Kidney Neoplasms Clinical Trial
Official title:
Single-site Single-arm Feasibility Study of Patient-specific Interactive 3D Anatomical Models Aimed at Improving Surgery Planning Processes for Complex Renal Cancer Patients
This study aims to determine the feasibility of undertaking a future definitive RCT to
evaluate the clinical effectiveness of complementing existing medical scans with a
patient-specific interactive 3D virtual model of the patient's body to assist the surgeon
with planning for the operation in the best way possible. Renal cancer patients receive a
tri-phasic CT scan as routine practice, thus if the standard imaging protocols are followed,
there should be ample imaging data available for 3D model creation.
This study is a single-site, single-arm, unblinded, prospective, feasibility study aiming to
recruit 24 participants from the Royal Free Hospital that are scheduled for robotic-assisted
partial nephrectomy. Consenting participants will be recruited over a 6-month period, and
interactive 3D virtual models of their anatomy will be generated. These models will be used
to aid surgeon-patient communications and to plan for the operation. This study will
determine whether a definitive RCT of virtual 3D models as an adjunct to surgery planning is
feasible with respect to: recruitment of local authorities and patients; ensuring staff can
be adequately trained to deliver programmes within specified timeframes; and assessment of
the measurability of key surgical outcomes.
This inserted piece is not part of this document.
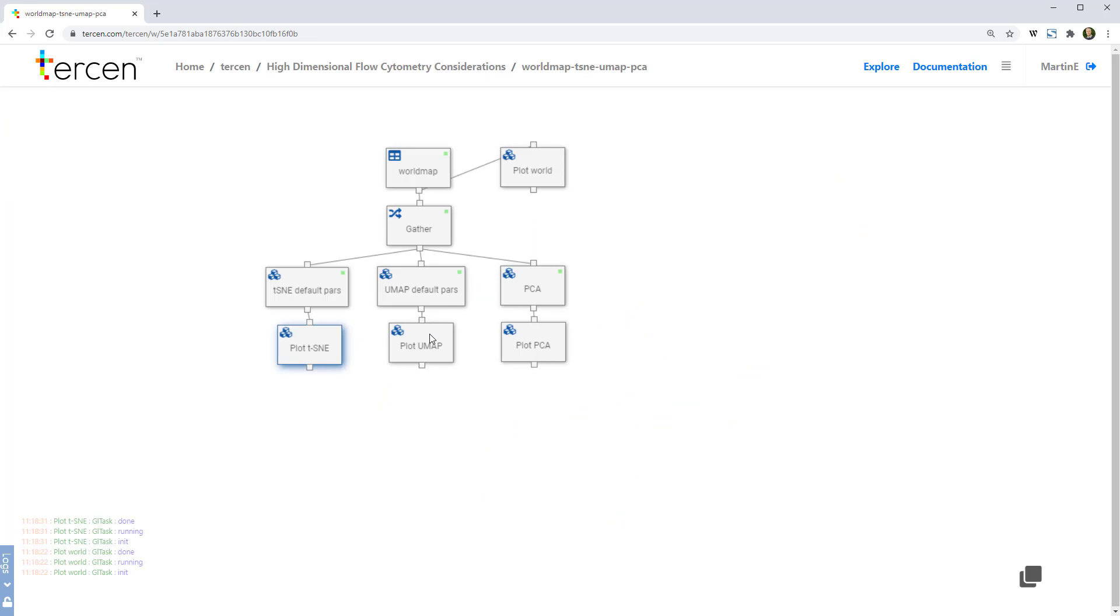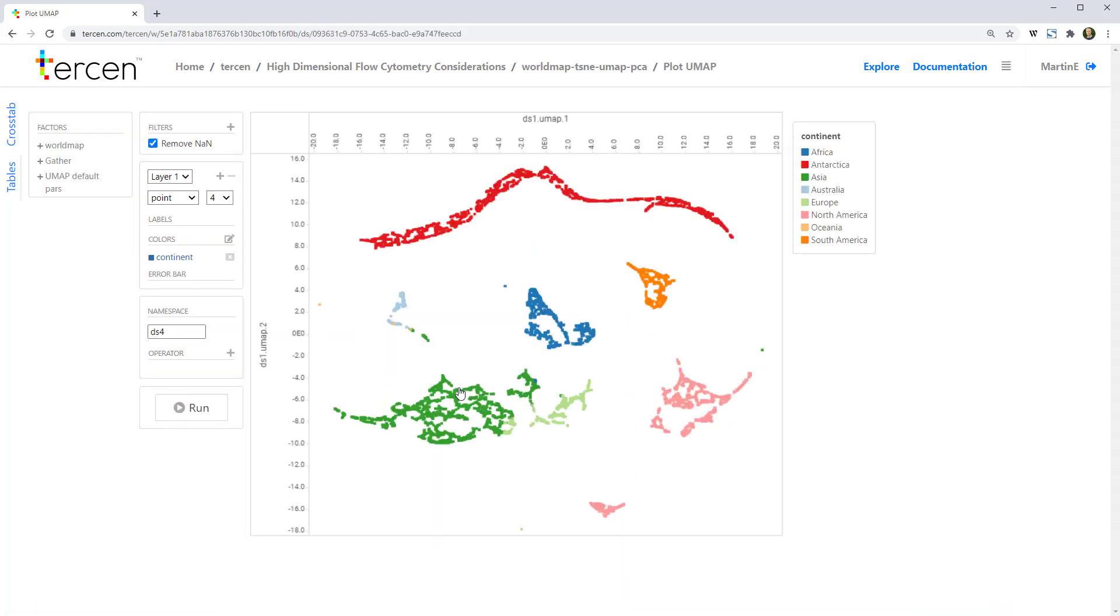UMAP, on the other hand, maintains the local structure of the data, at least as well as t-SNE does, but performs much better at maintaining the global structure. Despite being flipped upside down, you can see that continents are all recognizably closer to their real positions relative to each other.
Surgery is the mainstay treatment for abdominal cancer, resulting in over 50,000 surgeries
annually in the UK, with 10% of those being for renal cancer. Preoperative surgery planning
decisions are made by radiologists and surgeons upon viewing CT and MRI scans. The challenge
is to mentally reconstruct the patient's 3D anatomy from these 2D image slices, including
tumour location and its relationship to nearby structures such as critical vessels. This
process is time consuming and difficult, often resulting in human error and suboptimal
decision-making. It is even more important to have a good surgical plan when the operation is
to be performed in a minimally-invasive fashion, as it is more challenging setting to rectify
an unplanned complication than during open surgery. Therefore, better surgical planning tools
are essential if one is to improve patient outcome and reduce the cost of surgical
misadventure.
To overcome the limitations of current surgery planning in a soft-tissue oncology setting,
dedicated software packages and service providers have provided the capability of classifying
the scan voxels into their anatomical components in a process known as image segmentation
(see Section 6.1 for more information). Once segmented, stereolithography files are generated
which can be used to visualise the anatomy and have the components 3D printed. It has
previously been shown that such 3D printed models influence surgical decision-making.
However, the relevance of a physical model to plan for a minimally invasive surgical approach
is debatable, and the financial and administrative costs of obtaining accurate 3D printed
models for routine surgery planning has been speculated to be holding back 3D printed models
from breaking into regular clinical usage.
As a necessary precursor to 3D printed models, computational 3D surface-rendered virtual
models could be used by the urologist to assist with clinical decision-making. In the
literature, such models are referred to by a variety of names such as '3D-rendered images',
'3D reconstructions', or 'virtual 3D models'. In this protocol, the investigators will use
the latter nomenclature. Virtual 3D models provide many of the advantages of their physical
3D printed counterpart without the challenge of the printing process, they can be easily
viewed on standard digital devices such as laptops or smartphones and can be simultaneously
viewed and interacted with from anywhere in the world, which could help with collaborative
surgery planning between centres. Note that this study's use of virtual 3D models is not to
be confused with Virtual-Reality visualisation, which is an immersive environment and
currently requires specialist equipment. In support of this study, previous pioneering
studies have already shown that surgeons benefit from computational 3D models in the theatre.
However, in addition to the available 2D medical images (CT, MRI, volume-rendered images), it
has not been shown that virtual 3D models, constructed from the same existing medical scan
data, would influence the surgical decision-making process or alter surgeon confidence in
their decisions. Crucially, it also remains to be shown that such 3D models can be built
reliably and at scale to facilitate their widespread adoption.